La lutte contre la fraude repose habituellement sur plusieurs signaux combinés. Les services peuvent examiner la répétition anormale des écoutes, le rythme d’activité des comptes, la concentration des lectures sur certaines pistes, l’origine technique des connexions ou encore les similitudes entre des comportements d’auditeurs. La détection de la provenance IA d’un morceau constitue un signal supplémentaire, mais elle ne remplace pas l’analyse des écoutes elles-mêmes.

Face aux contenus identifiés, Deezer a adopté deux mesures concrètes :

  • la plateforme bloque les paiements de redevances associés aux flux qu’elle juge frauduleux ;
  • les titres entièrement générés par IA sont retirés de ses recommandations algorithmiques.

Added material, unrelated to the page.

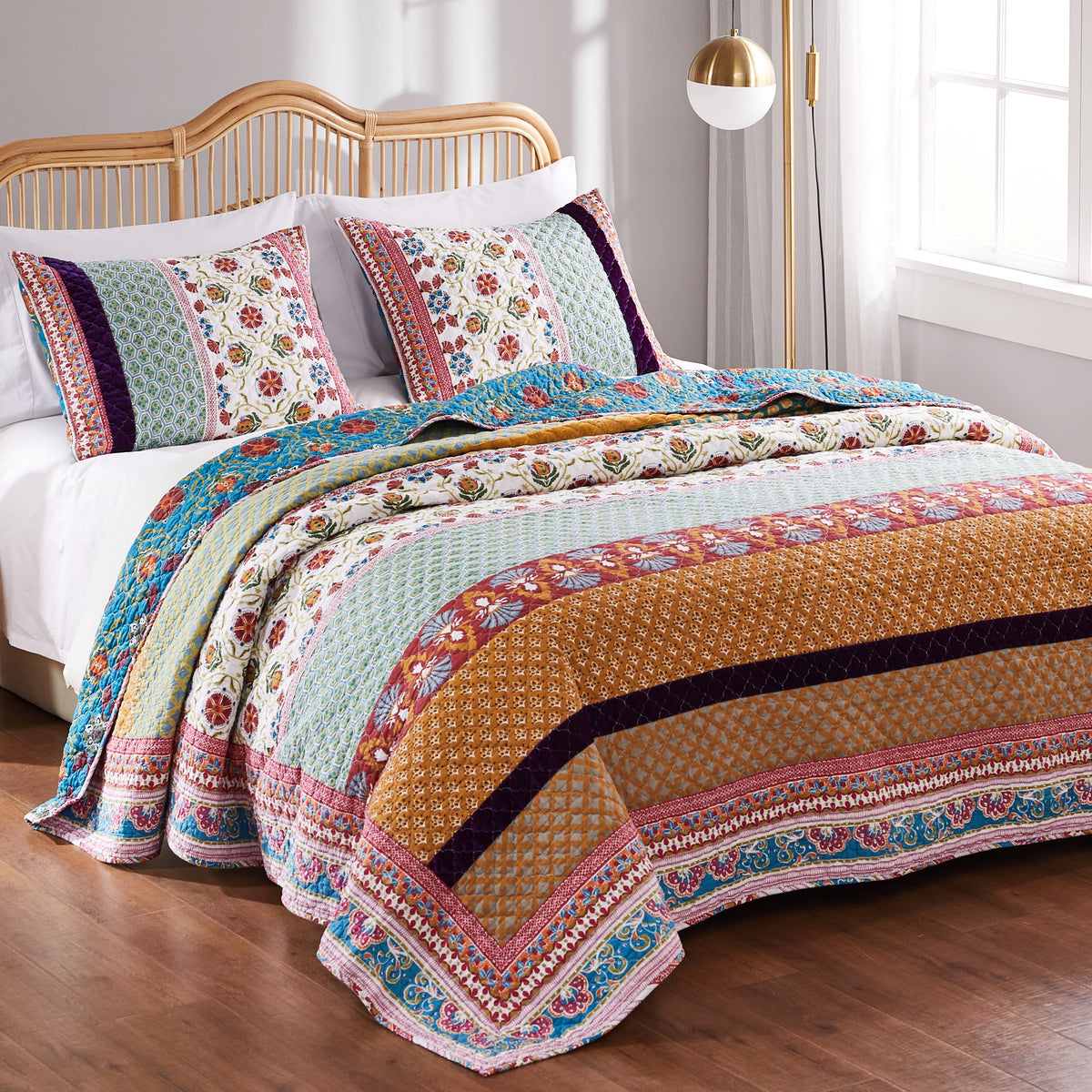3-Piece King/Cal King Reversible Cotton Quilt Set O374149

Cette seconde décision vise un autre risque : si des morceaux artificiels et potentiellement manipulés entraient dans les recommandations, ils pourraient recevoir une visibilité qui ne repose pas sur un véritable intérêt des utilisateurs. Les exclure des systèmes de suggestion ne revient pas nécessairement à les supprimer du catalogue, mais limite leur promotion automatisée.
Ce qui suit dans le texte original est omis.